For my family and me, Alzheimer’s disease is what is. It is what now defines my mother and her life. It is what has forever altered our family structure, the way we relate, the way we live. Caring for her is filled with challenges and struggles, sad moments that water my eyes with tears and days that leave me wondering why. Caring for her is also filled with infinite joy, surprising gratitude, and an insight that only individuals in similar situations can share.

She was just a mom to me before she got sick. Not a person, not a friend, not another woman, just a mom. I was comfortable with her in that motherly role, giving advice, baking bread, helping with homework.

Now, Mom is becoming a person for me. I am learning who Paula Kassolis is. And I am learning how much I like her. With Alzheimer’s disease, I cannot expect anything from her. She cannot disappoint me or embarrass me. She is what she is. The more time we have together, the more I appreciate her life and her love and her laugh. Her laugh is the best, a steady chuckle that begins with a roaring “Ah ha” and repeatedly peaks and plateaus, up and down, her hand on her stomach to control the giggles and her face red with delight. Her eyes tear when she laughs and I think crying and laughing might be one and the same because our bodies go through the same motions: short breath, erratic facial expressions, red face, tears.

I cycle through so many phases of coping with her disease. Anger passed quickly, but sadness resonates above my head. And today I realize how much I will miss her, not as a mother, but as a person. And I think I will miss her laugh the most.

Her three to five years are dwindling quickly. It’s been four years since her diagnosis, and now I am just waiting. She is almost living on borrowed time, and I am never sure of when I will become a nameless face she cannot identify. Time is a vacuum to her. It exists and she knows it exists, but it has no meaning. She wears a digital watch and can read the time back to me if I ask.

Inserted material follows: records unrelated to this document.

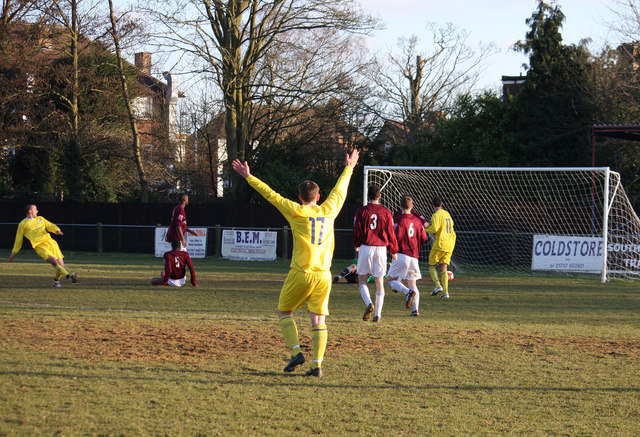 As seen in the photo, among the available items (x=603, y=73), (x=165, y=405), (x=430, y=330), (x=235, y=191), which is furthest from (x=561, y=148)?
(x=165, y=405)

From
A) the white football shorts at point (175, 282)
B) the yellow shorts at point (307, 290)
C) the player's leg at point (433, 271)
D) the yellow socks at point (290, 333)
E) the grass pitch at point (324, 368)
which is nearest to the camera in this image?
the grass pitch at point (324, 368)

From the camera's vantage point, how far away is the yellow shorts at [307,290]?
22.1ft

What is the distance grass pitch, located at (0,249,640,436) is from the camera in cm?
522

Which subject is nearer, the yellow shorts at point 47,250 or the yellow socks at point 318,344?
the yellow socks at point 318,344

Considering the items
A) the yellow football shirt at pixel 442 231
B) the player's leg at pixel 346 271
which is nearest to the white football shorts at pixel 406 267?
the yellow football shirt at pixel 442 231

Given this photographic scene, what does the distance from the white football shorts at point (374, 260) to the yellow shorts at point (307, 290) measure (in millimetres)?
3246

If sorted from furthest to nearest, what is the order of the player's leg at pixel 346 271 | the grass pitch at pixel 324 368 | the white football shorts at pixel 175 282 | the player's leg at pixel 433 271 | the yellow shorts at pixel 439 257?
the player's leg at pixel 346 271 < the white football shorts at pixel 175 282 < the player's leg at pixel 433 271 < the yellow shorts at pixel 439 257 < the grass pitch at pixel 324 368

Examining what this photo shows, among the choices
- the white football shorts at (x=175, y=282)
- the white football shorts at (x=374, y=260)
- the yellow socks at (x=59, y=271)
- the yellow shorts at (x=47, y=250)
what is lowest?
the white football shorts at (x=175, y=282)

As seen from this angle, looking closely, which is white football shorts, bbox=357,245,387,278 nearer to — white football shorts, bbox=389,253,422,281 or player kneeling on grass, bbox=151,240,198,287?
white football shorts, bbox=389,253,422,281

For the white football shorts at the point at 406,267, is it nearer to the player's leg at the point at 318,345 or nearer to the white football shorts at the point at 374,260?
the white football shorts at the point at 374,260

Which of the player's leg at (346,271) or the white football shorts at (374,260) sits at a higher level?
the white football shorts at (374,260)

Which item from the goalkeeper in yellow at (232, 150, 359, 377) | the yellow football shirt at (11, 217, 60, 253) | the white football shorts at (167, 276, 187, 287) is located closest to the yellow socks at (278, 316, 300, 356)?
the goalkeeper in yellow at (232, 150, 359, 377)

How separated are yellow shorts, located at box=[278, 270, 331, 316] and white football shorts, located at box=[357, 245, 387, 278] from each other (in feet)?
10.7

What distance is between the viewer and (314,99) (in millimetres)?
30312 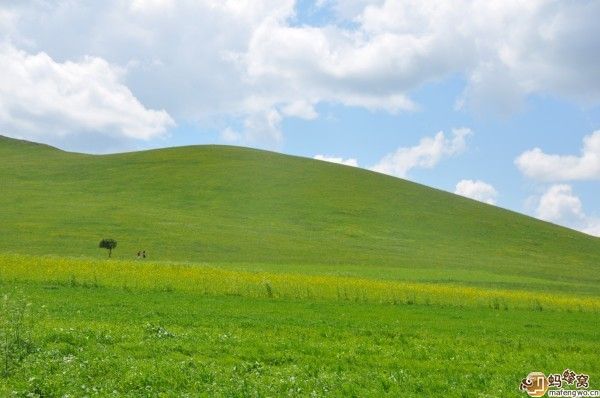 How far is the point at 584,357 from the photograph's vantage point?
57.6 feet

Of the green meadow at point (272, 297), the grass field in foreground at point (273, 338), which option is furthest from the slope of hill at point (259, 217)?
the grass field in foreground at point (273, 338)

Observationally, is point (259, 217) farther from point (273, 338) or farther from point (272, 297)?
point (273, 338)

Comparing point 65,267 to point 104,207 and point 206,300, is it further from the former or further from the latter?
point 104,207

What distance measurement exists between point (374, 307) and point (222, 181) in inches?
2700

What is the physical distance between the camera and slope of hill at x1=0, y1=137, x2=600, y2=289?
60719 mm

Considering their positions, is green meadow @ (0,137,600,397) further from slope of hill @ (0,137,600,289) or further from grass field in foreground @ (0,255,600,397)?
slope of hill @ (0,137,600,289)

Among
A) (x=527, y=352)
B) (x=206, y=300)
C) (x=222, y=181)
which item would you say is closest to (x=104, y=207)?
(x=222, y=181)

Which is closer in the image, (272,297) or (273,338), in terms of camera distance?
(273,338)

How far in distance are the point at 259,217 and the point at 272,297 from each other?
48.6m

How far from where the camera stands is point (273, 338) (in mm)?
17078

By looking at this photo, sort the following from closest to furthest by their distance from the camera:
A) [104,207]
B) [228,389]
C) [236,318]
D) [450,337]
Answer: [228,389] → [450,337] → [236,318] → [104,207]

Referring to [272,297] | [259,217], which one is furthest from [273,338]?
[259,217]

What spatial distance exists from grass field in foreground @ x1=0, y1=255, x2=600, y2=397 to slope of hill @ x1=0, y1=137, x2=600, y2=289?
24.8 metres

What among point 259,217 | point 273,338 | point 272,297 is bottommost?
point 273,338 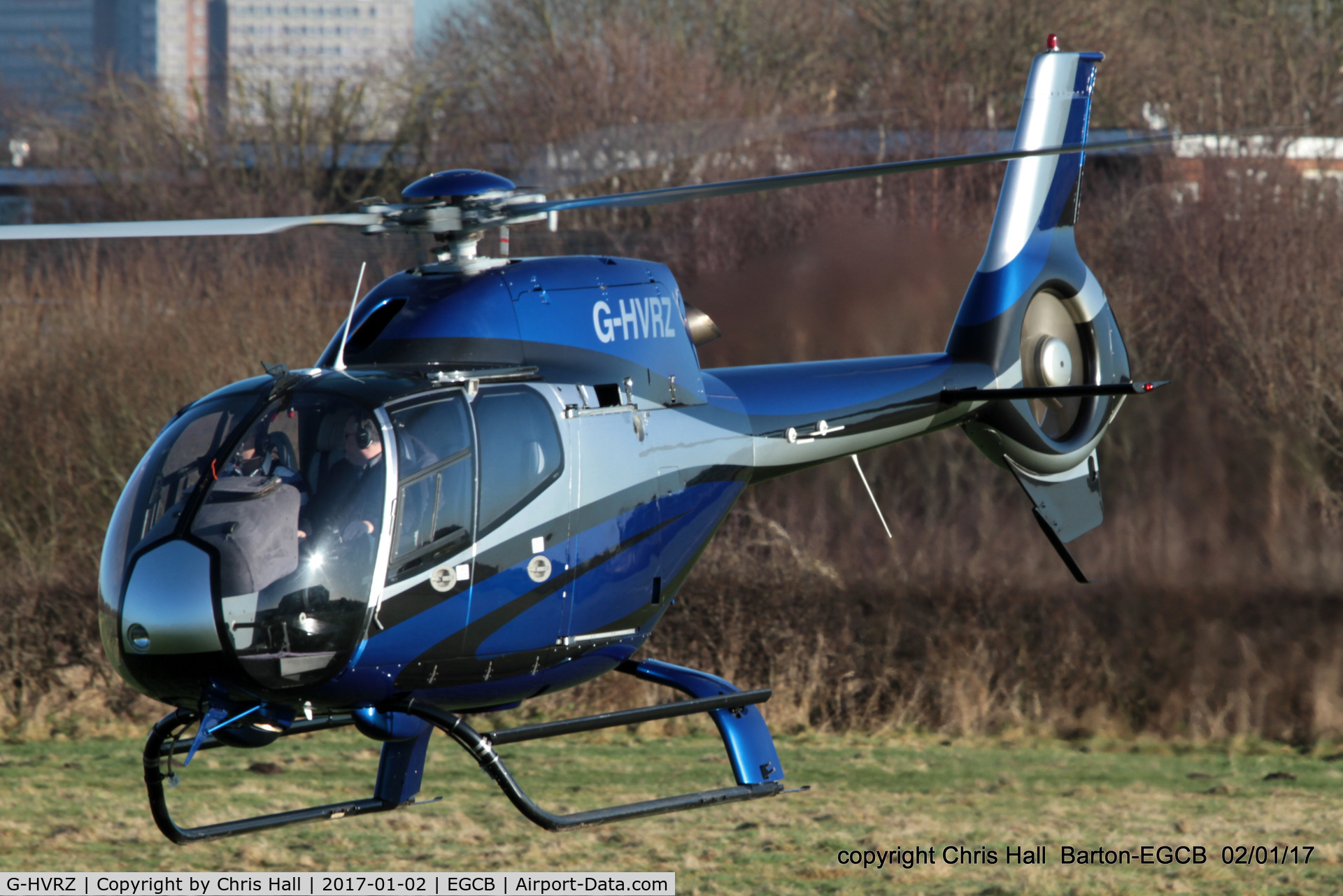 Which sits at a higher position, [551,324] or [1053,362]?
[551,324]

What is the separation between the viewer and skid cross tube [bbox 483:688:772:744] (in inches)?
222

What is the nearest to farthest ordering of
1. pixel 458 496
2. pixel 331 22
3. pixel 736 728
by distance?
pixel 458 496 < pixel 736 728 < pixel 331 22

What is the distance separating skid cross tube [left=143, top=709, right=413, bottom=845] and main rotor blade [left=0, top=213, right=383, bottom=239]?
1839mm

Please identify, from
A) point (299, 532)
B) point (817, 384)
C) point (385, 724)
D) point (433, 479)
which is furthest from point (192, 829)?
point (817, 384)

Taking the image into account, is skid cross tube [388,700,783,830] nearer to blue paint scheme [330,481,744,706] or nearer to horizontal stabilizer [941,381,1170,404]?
blue paint scheme [330,481,744,706]

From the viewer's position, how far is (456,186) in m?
5.72

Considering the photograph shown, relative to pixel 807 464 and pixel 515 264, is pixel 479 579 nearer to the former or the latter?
pixel 515 264

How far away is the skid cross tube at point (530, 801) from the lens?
17.9 feet

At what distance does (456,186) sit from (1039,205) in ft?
13.2

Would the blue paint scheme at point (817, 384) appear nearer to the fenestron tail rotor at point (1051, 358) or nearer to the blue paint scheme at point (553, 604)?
the blue paint scheme at point (553, 604)

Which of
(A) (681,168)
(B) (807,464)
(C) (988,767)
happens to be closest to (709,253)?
(A) (681,168)

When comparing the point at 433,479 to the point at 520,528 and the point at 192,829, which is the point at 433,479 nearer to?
the point at 520,528

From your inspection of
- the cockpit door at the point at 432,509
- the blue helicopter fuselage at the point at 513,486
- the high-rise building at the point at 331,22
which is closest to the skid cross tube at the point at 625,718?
the blue helicopter fuselage at the point at 513,486

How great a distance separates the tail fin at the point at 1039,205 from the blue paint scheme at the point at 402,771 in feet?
11.8
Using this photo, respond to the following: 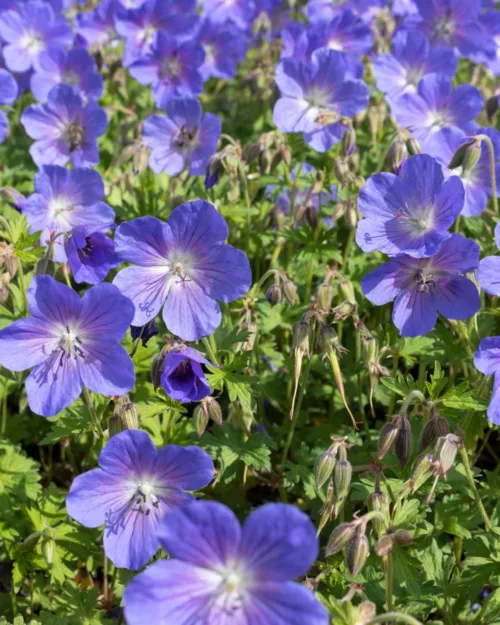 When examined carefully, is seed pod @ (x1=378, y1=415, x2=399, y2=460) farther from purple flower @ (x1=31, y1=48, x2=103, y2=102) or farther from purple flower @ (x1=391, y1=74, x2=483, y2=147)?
purple flower @ (x1=31, y1=48, x2=103, y2=102)

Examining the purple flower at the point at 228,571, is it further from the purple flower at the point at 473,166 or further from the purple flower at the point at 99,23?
the purple flower at the point at 99,23

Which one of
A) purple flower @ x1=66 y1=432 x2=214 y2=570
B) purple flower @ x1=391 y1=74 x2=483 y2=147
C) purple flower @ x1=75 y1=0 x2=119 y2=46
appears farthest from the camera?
purple flower @ x1=75 y1=0 x2=119 y2=46

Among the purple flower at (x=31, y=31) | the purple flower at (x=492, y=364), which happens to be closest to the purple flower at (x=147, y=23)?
the purple flower at (x=31, y=31)

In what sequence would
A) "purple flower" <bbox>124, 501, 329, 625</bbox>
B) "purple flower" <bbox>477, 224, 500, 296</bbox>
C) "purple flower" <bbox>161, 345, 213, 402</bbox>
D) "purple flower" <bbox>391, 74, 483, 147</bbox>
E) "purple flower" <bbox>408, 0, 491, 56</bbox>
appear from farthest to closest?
"purple flower" <bbox>408, 0, 491, 56</bbox> → "purple flower" <bbox>391, 74, 483, 147</bbox> → "purple flower" <bbox>477, 224, 500, 296</bbox> → "purple flower" <bbox>161, 345, 213, 402</bbox> → "purple flower" <bbox>124, 501, 329, 625</bbox>

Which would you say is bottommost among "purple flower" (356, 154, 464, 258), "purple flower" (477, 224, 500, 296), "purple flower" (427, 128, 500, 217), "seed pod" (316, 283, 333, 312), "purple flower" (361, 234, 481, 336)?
Answer: "seed pod" (316, 283, 333, 312)

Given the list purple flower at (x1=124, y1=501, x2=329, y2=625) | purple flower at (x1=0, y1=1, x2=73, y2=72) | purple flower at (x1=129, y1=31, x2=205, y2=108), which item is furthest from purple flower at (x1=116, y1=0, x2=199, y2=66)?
purple flower at (x1=124, y1=501, x2=329, y2=625)

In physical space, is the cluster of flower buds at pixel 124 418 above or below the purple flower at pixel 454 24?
below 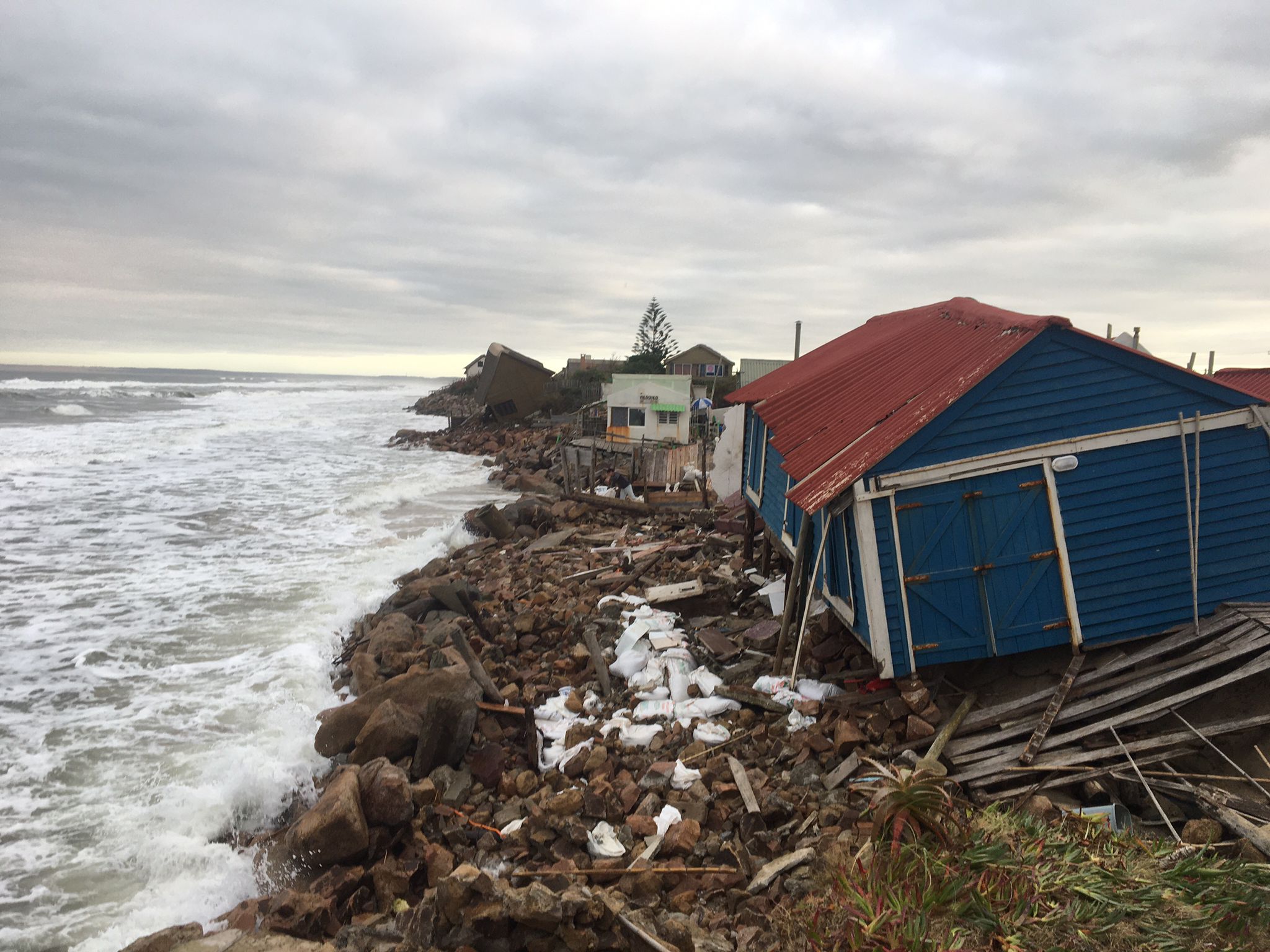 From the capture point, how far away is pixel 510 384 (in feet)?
172

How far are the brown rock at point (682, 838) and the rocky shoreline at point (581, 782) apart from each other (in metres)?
0.02

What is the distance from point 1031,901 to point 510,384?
49.7 meters

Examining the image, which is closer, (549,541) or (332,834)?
(332,834)

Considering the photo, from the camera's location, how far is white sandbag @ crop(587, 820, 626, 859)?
6730 millimetres

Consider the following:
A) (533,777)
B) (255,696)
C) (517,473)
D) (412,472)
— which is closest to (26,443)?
(412,472)

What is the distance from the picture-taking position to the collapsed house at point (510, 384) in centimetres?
5169

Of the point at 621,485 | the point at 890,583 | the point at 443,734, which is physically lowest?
the point at 443,734

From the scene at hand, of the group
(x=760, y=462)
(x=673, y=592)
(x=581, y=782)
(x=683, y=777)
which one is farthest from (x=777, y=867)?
(x=760, y=462)

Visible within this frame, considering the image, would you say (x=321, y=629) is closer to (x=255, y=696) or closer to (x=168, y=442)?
(x=255, y=696)

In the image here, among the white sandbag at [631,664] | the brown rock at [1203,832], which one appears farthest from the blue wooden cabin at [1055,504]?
the white sandbag at [631,664]

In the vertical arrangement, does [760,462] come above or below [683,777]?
above

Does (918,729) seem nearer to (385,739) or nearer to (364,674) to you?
(385,739)

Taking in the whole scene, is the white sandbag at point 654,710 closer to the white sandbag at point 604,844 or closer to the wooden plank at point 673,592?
the white sandbag at point 604,844

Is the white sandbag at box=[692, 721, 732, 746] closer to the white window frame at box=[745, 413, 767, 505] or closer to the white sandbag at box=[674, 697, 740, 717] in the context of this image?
the white sandbag at box=[674, 697, 740, 717] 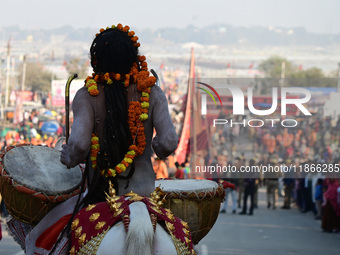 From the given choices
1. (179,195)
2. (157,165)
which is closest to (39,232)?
(179,195)

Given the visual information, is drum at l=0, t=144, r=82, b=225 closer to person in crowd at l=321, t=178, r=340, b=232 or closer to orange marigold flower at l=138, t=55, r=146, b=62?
orange marigold flower at l=138, t=55, r=146, b=62

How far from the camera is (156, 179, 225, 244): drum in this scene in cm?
629

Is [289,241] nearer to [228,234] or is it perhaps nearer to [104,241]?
[228,234]

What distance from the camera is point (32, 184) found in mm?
5906

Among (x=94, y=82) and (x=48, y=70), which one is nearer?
(x=94, y=82)

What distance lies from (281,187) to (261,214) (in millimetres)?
7858

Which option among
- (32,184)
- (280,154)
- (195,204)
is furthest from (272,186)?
(32,184)

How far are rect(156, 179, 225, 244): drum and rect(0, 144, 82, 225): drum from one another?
0.72 m

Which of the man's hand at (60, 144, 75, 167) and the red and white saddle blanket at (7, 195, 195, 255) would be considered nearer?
the red and white saddle blanket at (7, 195, 195, 255)

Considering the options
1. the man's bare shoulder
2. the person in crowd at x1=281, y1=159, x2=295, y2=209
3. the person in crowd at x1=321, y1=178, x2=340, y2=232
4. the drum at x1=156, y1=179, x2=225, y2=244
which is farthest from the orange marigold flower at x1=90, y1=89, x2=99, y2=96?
the person in crowd at x1=281, y1=159, x2=295, y2=209

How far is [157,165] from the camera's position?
18.7 m

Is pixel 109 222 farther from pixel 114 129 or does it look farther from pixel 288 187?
pixel 288 187

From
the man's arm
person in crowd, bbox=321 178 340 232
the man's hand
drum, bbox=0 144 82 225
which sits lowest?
person in crowd, bbox=321 178 340 232

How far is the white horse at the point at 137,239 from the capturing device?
4734mm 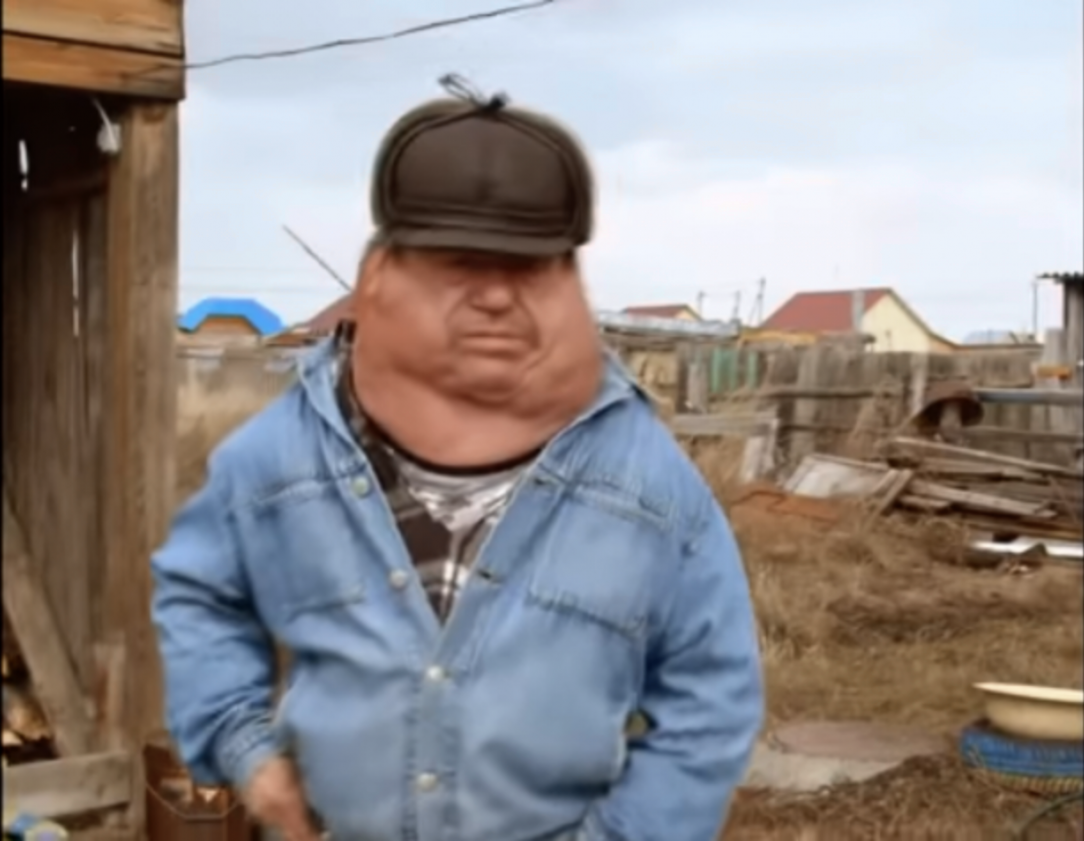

“Let’s see…eight, four,…seven,” she says. “It’s eight forty-seven. Yep, eight, four, seven.” But ask her what most people are doing at 8:47 in the evening and she won’t know. Ask her what time she wakes up in the morning and she will tell you noon.

Eastern philosophy speaks of time – of breath time, not clock time. We can measure time by the ticks of a clock or we can measure time with the breaths we take to fill our lungs with oxygen. I like to think that Mom is on breath time where the eight, the four, and the seven are just numbers that don’t have to mean anything at all.

A metal plate hangs on her bedroom wall. The copper was intricately cut to emulate both the sun and the moon and painted in a bleed of colors — teal, purple, orange and yellow. The sun’s exterior has twelve rays shapely carved to look like flames of fire. Inside the core sits a crescent moon with a face etched onto its surface. The plate is a sundial, an archaic way of calculating time. The sun and moon, working in tandem, depicted through metal that draws no distinction between when one ends and the other begins.